START Data for analysis
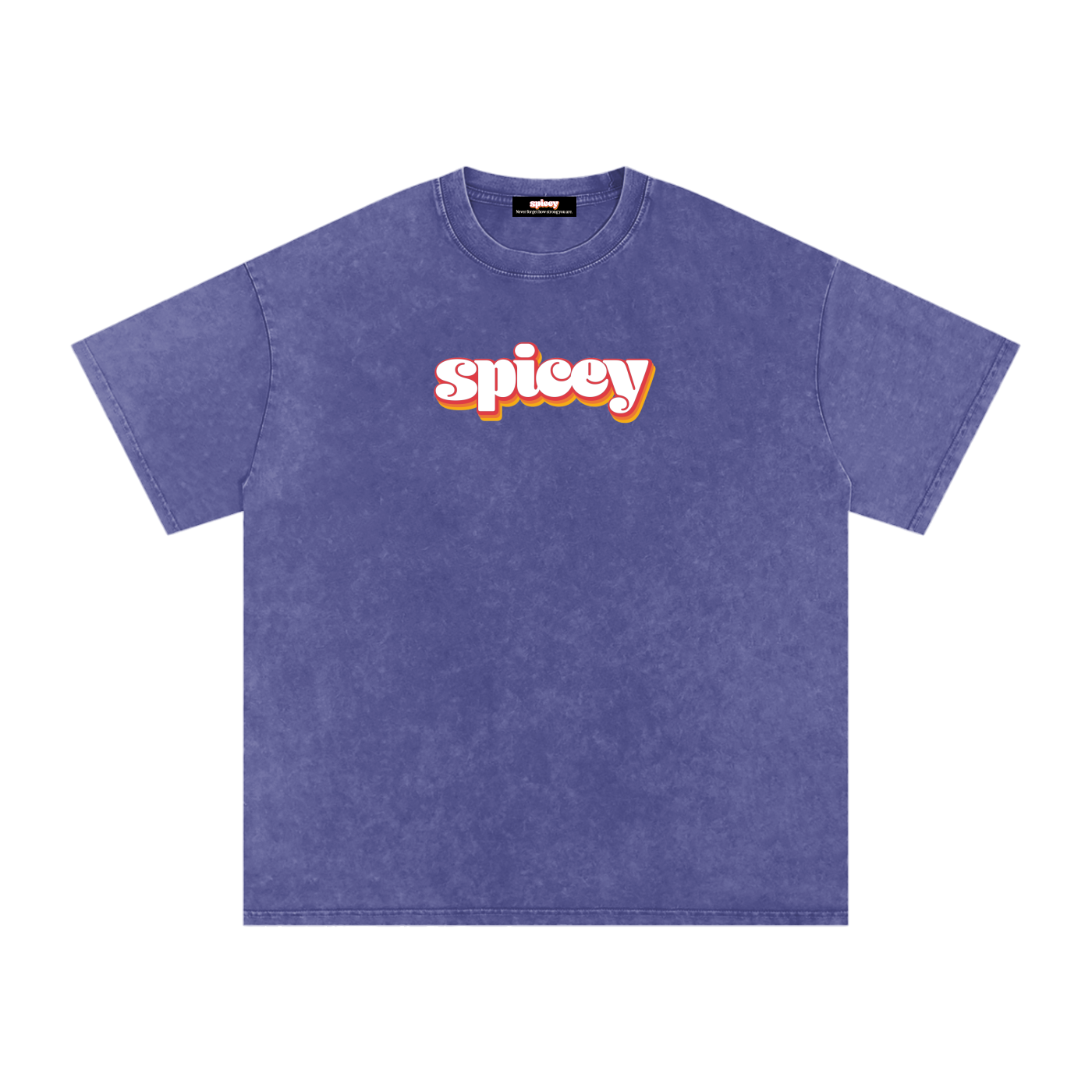 Spicey Vintage Logo Oversized T-Shirt-5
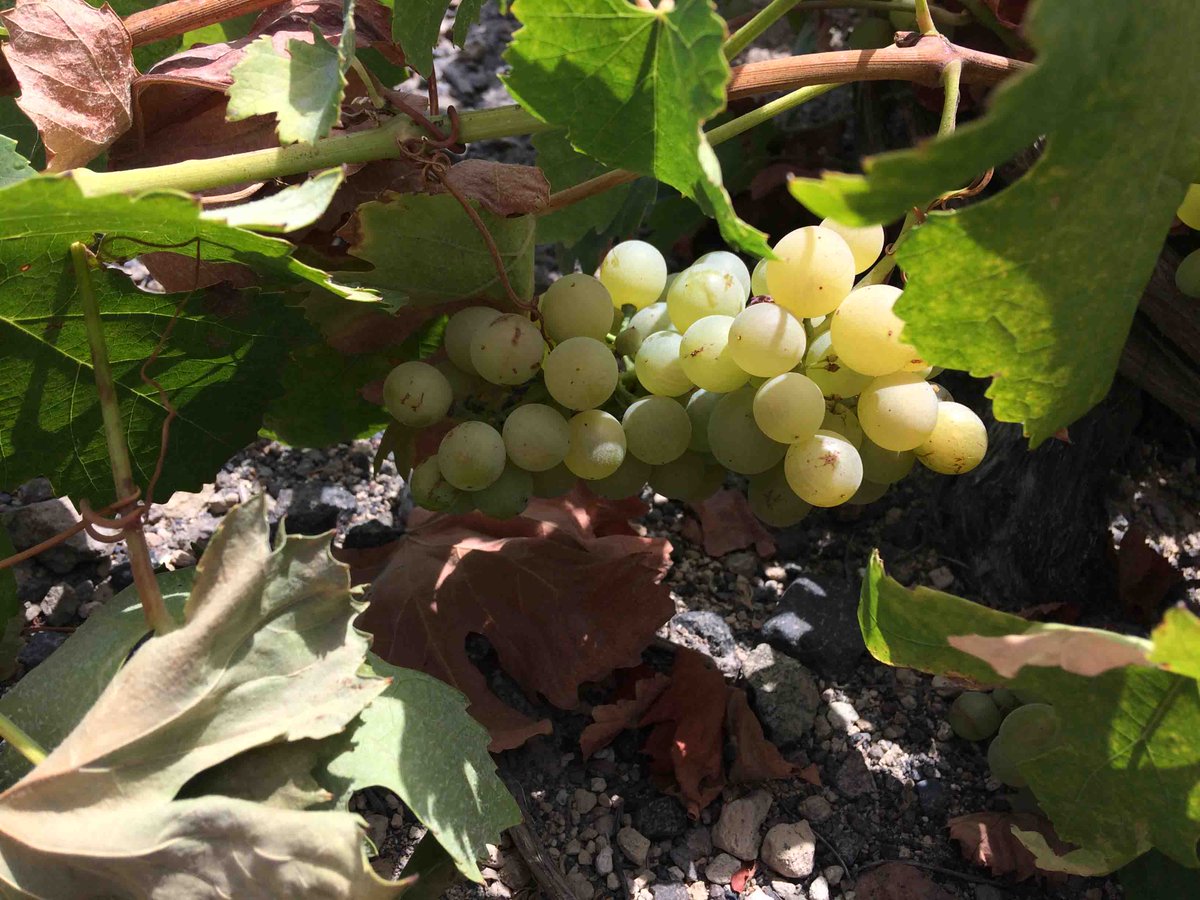 SantoWineTrails's tweet image. Counting down to harvest 2017!  #Assyrtiko #Santorini #SantoriniWine #Harvest2017 #AssyrtikoLover #WineLover #GreekWines #DrinkGreekWine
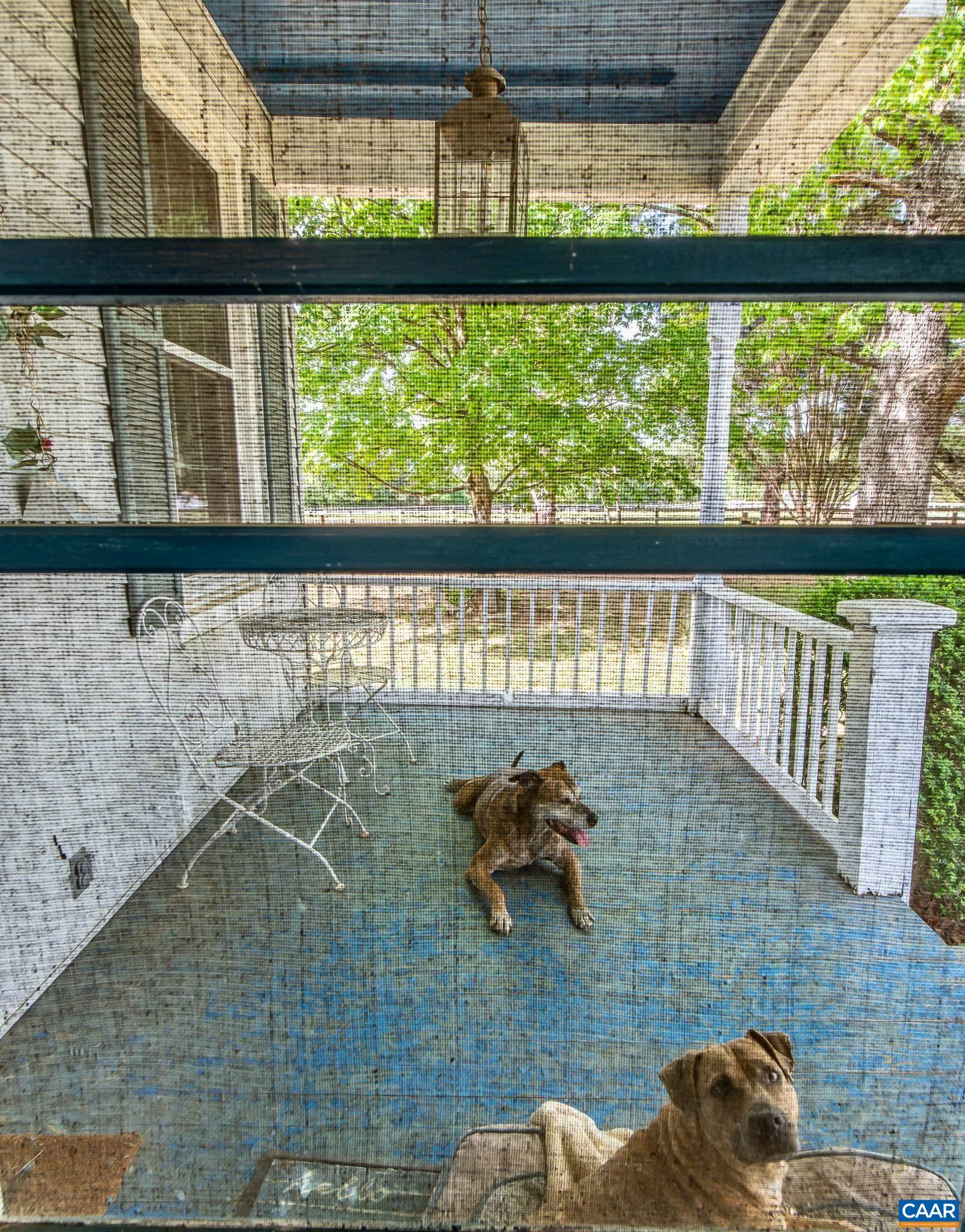 12500 SHANNON HILL RD, LOUISA, Virginia 23093, 3 Bedrooms Bedrooms, ,2 BathroomsBathrooms,Residential,12500 SHANNON HILL RD,676155 MLS # 676155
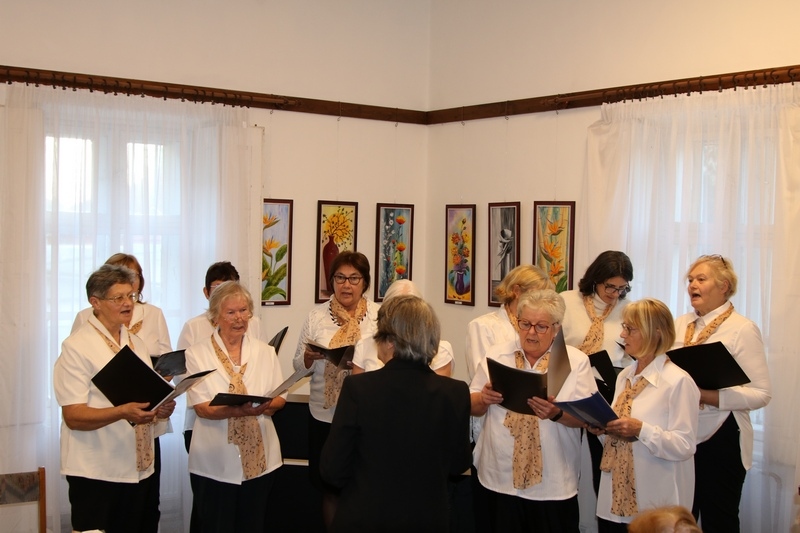 Paty kozseg ertekei kicsi 018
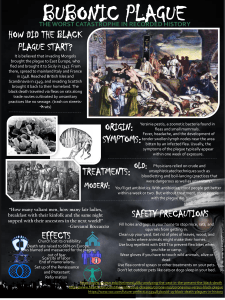 BUBONIC PLAGUE Infographic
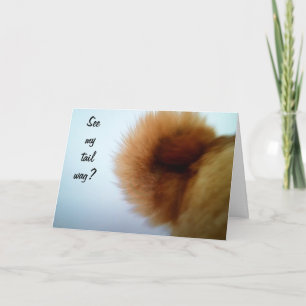 TAIL WAGGING ONE HAPPY DOG CARD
END Data for analysis
> Exercise goal: For this exercise, copy the entries above exactly and skip any picture.

> Result for this task:
 Spicey Vintage Logo Oversized T-Shirt-5
 SantoWineTrails's tweet image. Counting down to harvest 2017!  #Assyrtiko #Santorini #SantoriniWine #Harvest2017 #AssyrtikoLover #WineLover #GreekWines #DrinkGreekWine
 12500 SHANNON HILL RD, LOUISA, Virginia 23093, 3 Bedrooms Bedrooms, ,2 BathroomsBathrooms,Residential,12500 SHANNON HILL RD,676155 MLS # 676155
 Paty kozseg ertekei kicsi 018
 BUBONIC PLAGUE Infographic
 TAIL WAGGING ONE HAPPY DOG CARD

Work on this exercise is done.